*Work required:*
Print out each record below, unaltered and complete, without its images.

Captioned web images
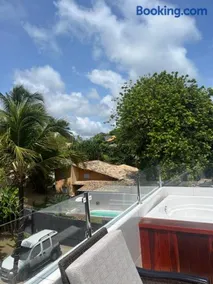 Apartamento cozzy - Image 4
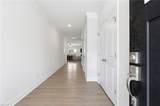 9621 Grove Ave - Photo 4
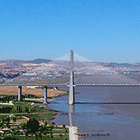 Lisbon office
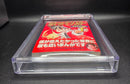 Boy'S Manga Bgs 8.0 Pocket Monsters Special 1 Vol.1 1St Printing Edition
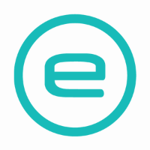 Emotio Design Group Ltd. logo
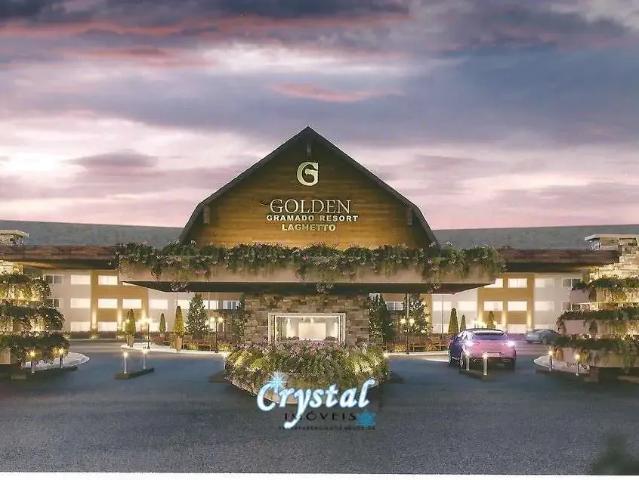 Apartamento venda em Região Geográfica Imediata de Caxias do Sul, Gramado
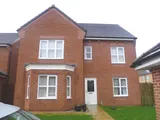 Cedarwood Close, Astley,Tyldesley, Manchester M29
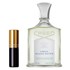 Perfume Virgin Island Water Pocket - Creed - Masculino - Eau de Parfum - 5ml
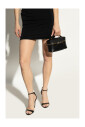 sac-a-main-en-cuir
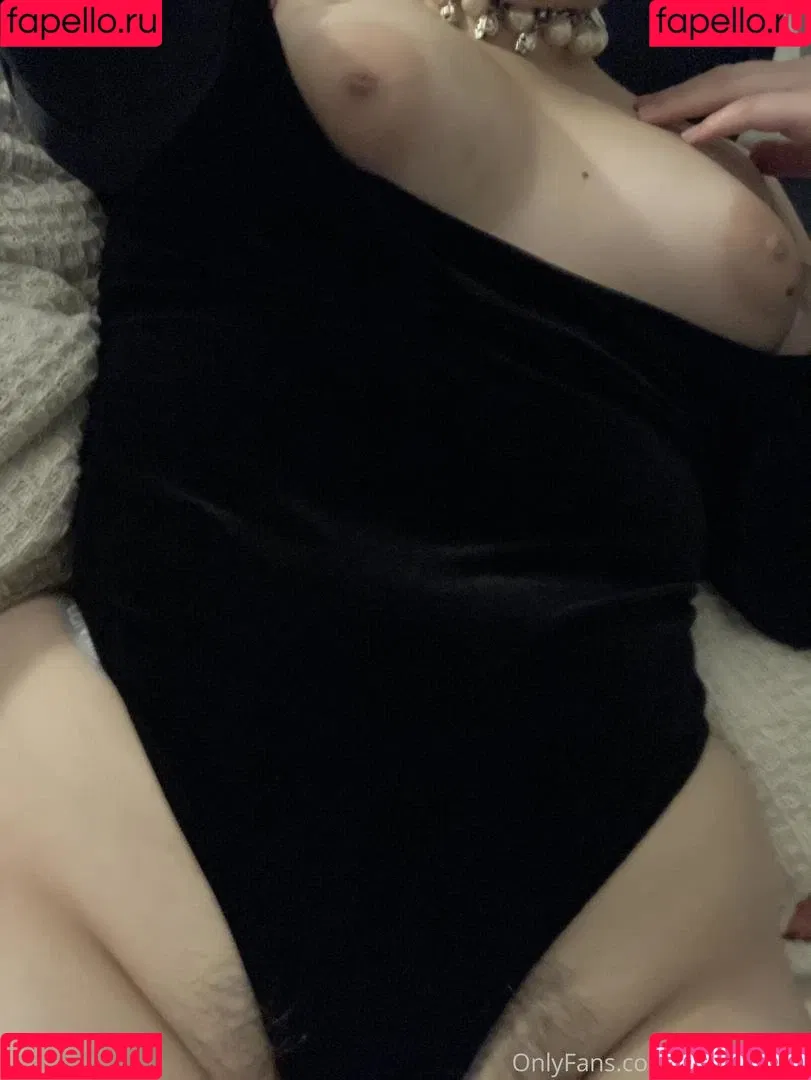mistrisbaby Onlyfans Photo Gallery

*Task answer:*
 Apartamento cozzy - Image 4
 9621 Grove Ave - Photo 4
 Lisbon office
 Boy'S Manga Bgs 8.0 Pocket Monsters Special 1 Vol.1 1St Printing Edition
 Emotio Design Group Ltd. logo
 Apartamento venda em Região Geográfica Imediata de Caxias do Sul, Gramado
 Cedarwood Close, Astley,Tyldesley, Manchester M29
 Perfume Virgin Island Water Pocket - Creed - Masculino - Eau de Parfum - 5ml
 sac-a-main-en-cuir
mistrisbaby Onlyfans Photo Gallery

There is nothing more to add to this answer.